In my face right now:
They would be better without the hint of licorice. Much better. Not a fan of licorice.
I do love gravy, though.
Stan and David rested for a few minutes, recovering from their close call with the janitor and finishing their suckers together in silence. David was the first to crunch the last bit of candy from his stick and stand up, brushing the dust from his school uniform.
“Is it time yet? Mr Mills is gone home for sure by now,” he said, hopefully.
Stan nodded and chewed up the last of his own cherry-red lollipop. “Don’t forget your backpack,” he reminded his friend.
David scooped up his bag as they headed for the classroom door. The soft snick of the lock disengaging was the only sound to be heard aside from their rapid breathing. Their excitement was a nearly palpable presence in the air.
“C’mon, David, it’s this way,” Stan beckoned him to the right, down the hallway away from the front doors of the school.
David stayed close behind, not wanting to take the slightest chance of missing out on any part of the adventure they had planned. Stan stopped abruptly in front of an unlabeled door, and David nearly ran him over in his haste.
“I thought this was a broom closet or something,” David remarked.
“Nope. Check it out.” Stan wiggled the doorknob at just the right angle, and it unlatched, allowing the door to swing wide, revealing a stainless steel ladder bolted to the wall.
David goggled at the sight. “Holy cow!”
“I told you it was awesome.’ Stan smirked to himself before stepping into the closet of a room and starting up the ladder, David on his heels.
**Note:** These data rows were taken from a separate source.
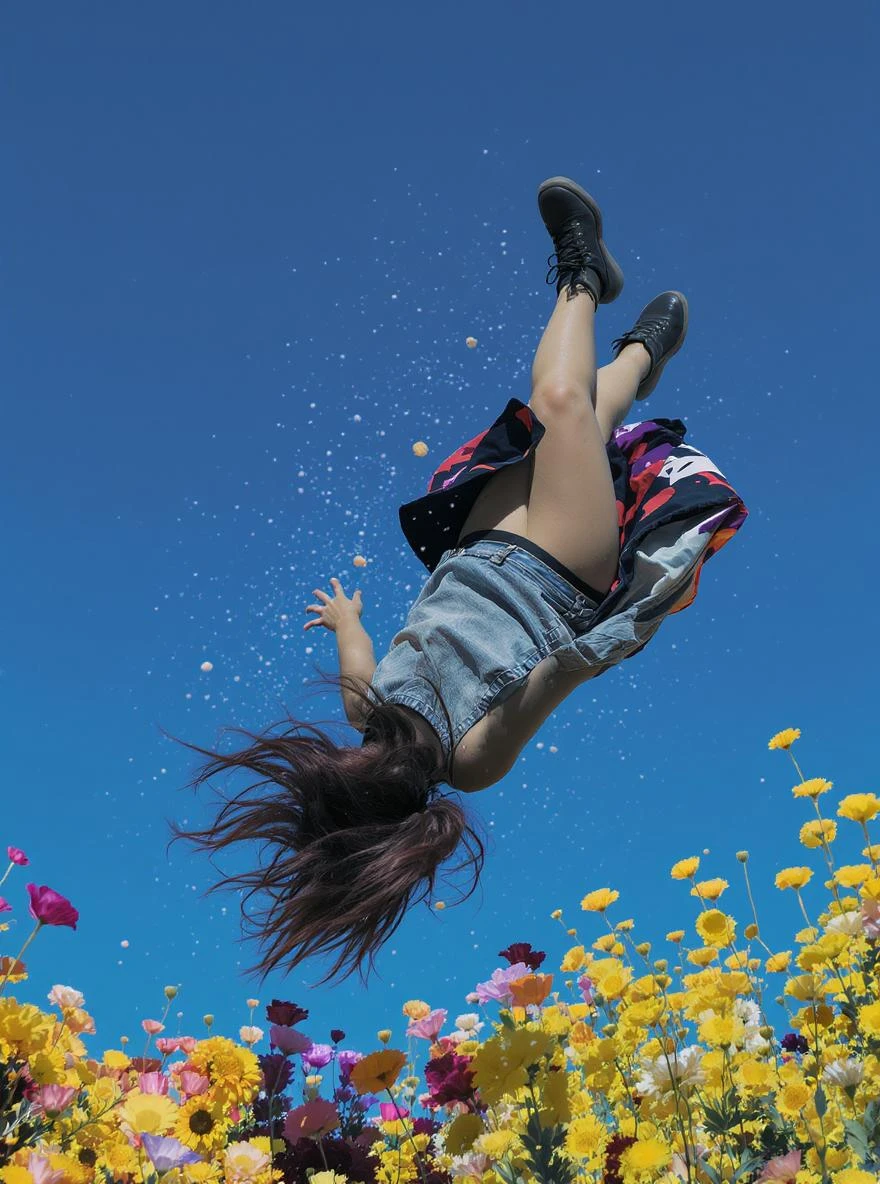 Cinematic still of a woman falling down around colorfull flowers wearing alternative fashion, blue sky minimalistic background emoji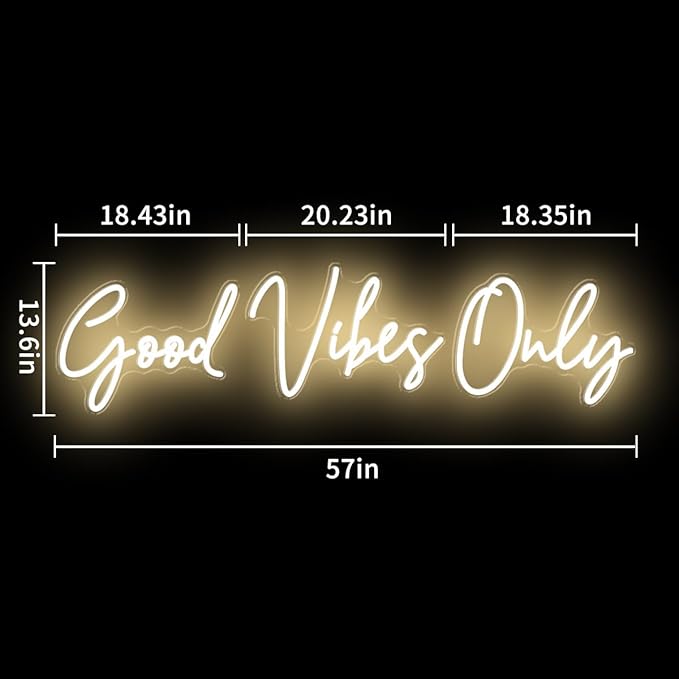 Super Large Good Vibes Only Neon Signs for Wall Decor, 57 Inch Good Vibes Only Neon Sign Large with Remote Dimmer, Neon Lights for Bedroom Wedding Christmas Party, Bar, Club Decor, Warm White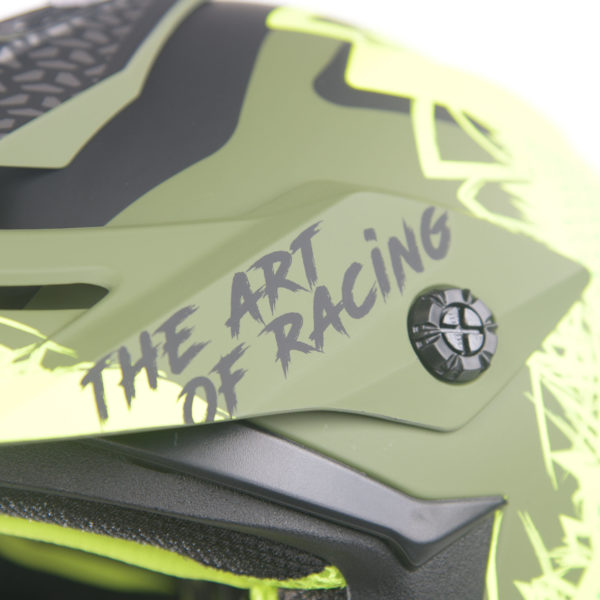 Just1 J38 MX Helmet Mask Fluo Yellow/Black/Army Green Matt - Large - Image 11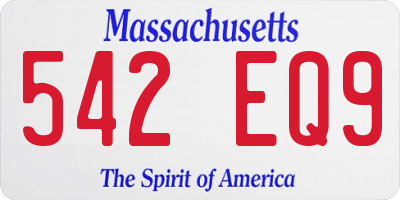 MA license plate 542EQ9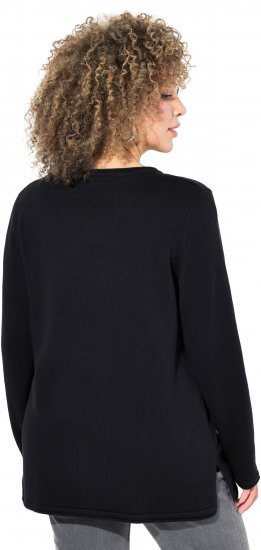 Ulla Popken Sequined Star Rolled Edge Sweater Black - Puloveri & dukserice - 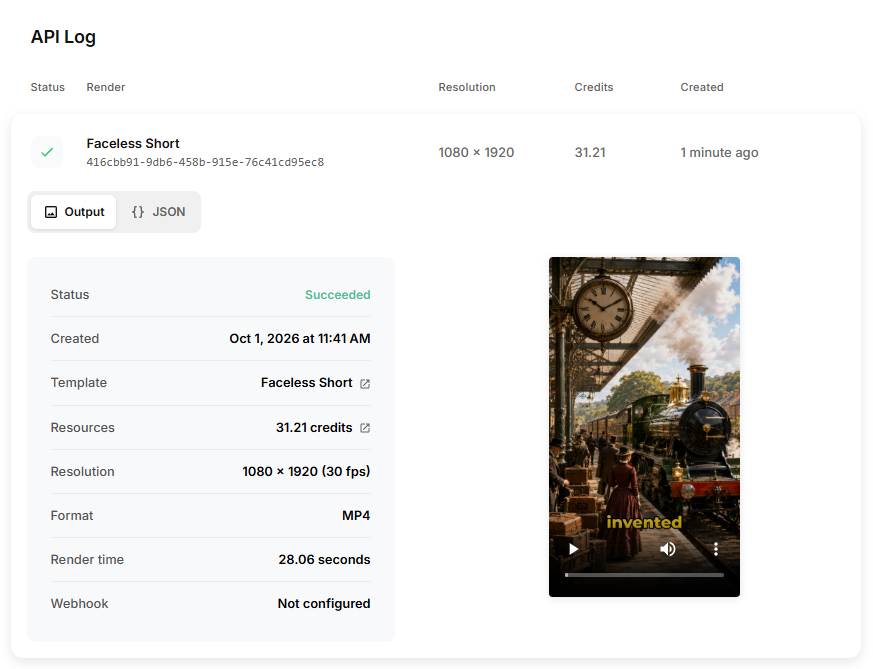 Creatomate API Log showing a successful faceless Short, its video preview, render time, resolution, and Creatomate credit usage.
It felt like they climbed for hours, but about only minutes later, Stan pushed open the heavy door above them, and he nearly fell off the ladder, taking David with him, when it slammed open onto the roof, letting the sunlight stream in.
The two boys scrambled out of the hole in the ceiling and stood up to look around.
“I can see the whole town from up here!” David exclaimed.
“Look over there!” Stan pointed. “It’s your house.”
They spent at least half an hour seeking out sights to show each other, buildings and landmarks that they’d known since birth, but only from ground level. Everything looked so different from the grand height of three whole stories.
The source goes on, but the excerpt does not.